Une source anonyme a récemment fait parvenir à l'Observatoire International des Prisons (OIP) un document interne émanant du centre de détention de Bapaume (Nord-Pas-de-Calais) et datant de fin mard 2015. Il prévoit un dispositif de surveillance, pouvant aller jusqu'à "bloquer le courrier" de deux détenues basques. "J'ignore si le courrier a été ouvert ou lu, j'ai seulement la preuve de l'existence de cette note", avertit Maître Alexandre Braud, avocat au barreau de Béthune. Note qui bafouerait une liberté fondamentale, la confidentialité du courrier entre avocat et prisonnier.

La liberté de confidentialité du courrier entre avocat et prisonnier garantit deux droits fondamentaux, ici bafoués : le secret professionnel et le droit d'organiser librement sa défense. "On ne touche pas au principe sacré de la relation secrète entre l'avocat et son client. En faisant sauter cette garantie, on est dans un état dictatorial", s'insurge l'avocat.

Pour l'OIP, la consigne de Bapaume "enfreint directement la loi pénitentiaire" selon laquelle "ne peuvent être ni contrôlées ni retenues les correspondances échangées entre les personnes détenues et leurs défenseur, les autorités administratives et judiciaires françaises et internationales, dont la liste est fixée par décret". La rédaction de MEDIABASK a tenté de contacter la direction du centre, sans succès.

L'avocat, en concertation avec l'OIP, a déposé un référé-liberté auprès du Tribunal administratif. Une procédure d'urgence pour atteinte aux libertés fondamentales de deux détenues basques du quartier femmes, Alaitz Aramendi Jaunarena et Oihana Garmendia Marin. Réponse du Tribunal, le caractère d'urgence n'a pas été retenu. Ce qu'il conteste. Un recours devrait être posé avant la fin de la semaine, ainsi qu'un référé de suspension concernant cette note de service.
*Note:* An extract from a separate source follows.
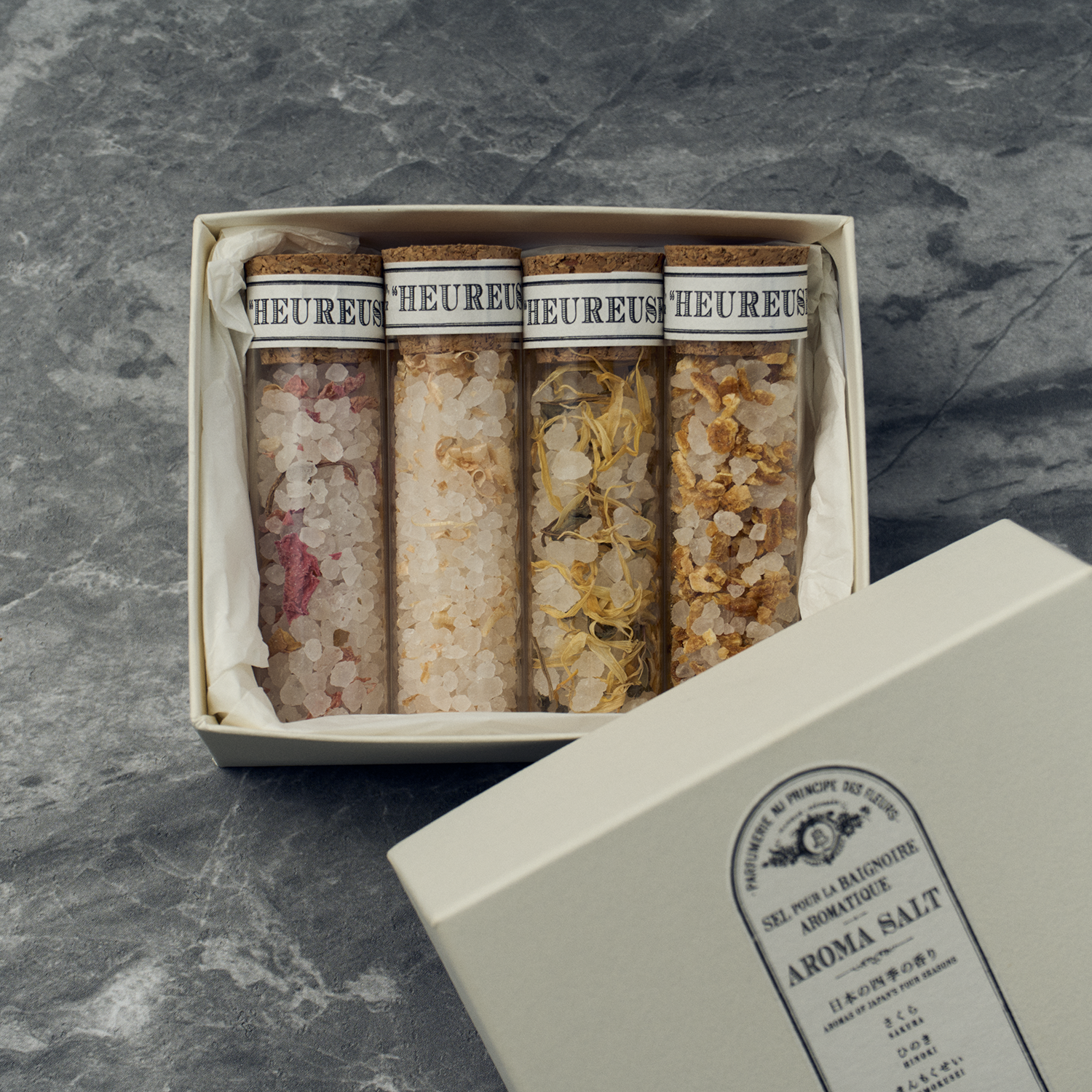 日本の四季の香りアロマバスソルト ギフトセット – BALLON - バロン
Le traitement particulier des détenu(e)s basques

Selon Me A. Braud, un traitement particulier serait bel et bien réservé aux détenues basques, dont les noms apparaissent suivis de la mention "DPS, Basque" pour l'une ("détenu particulièrement signalé"), et "Suivi Basques" pour l'autre. En accompagnant sa cliente Alaitz Aramendi Jaunarena, il a pris connaissance d'autres mesures, dont des réveils nocturnes répétés subis par les jeunes femmes (toutes les deux ou trois heures). "En faisant leurs manœuvres, ils cherchent à les contrôler entièrement et cristallisent leur statut particulier. C'est la raison pour laquelle il faut monter au créneau."

Agir pour faire réagir : au-delà de l'issue des procédures, le combat se construirait sur leur lancement. "Cet encerclement doit être brisé. (...) Il y a des détenues qui s'effondrent pour moins que çela." Etabli dans le Pas-de-Calais, cet avocat généraliste a une particularité, celle "d'aller dans les prisons" et de travailler au plus près des détenus. Dans ce cadre, il a rencontré Alaitz Aramendi Jaunarena et Oihana Garmendia Marin, deux Bizkaitar incarcérées pour appartenance à l'organisation ETA (2007 et 2009).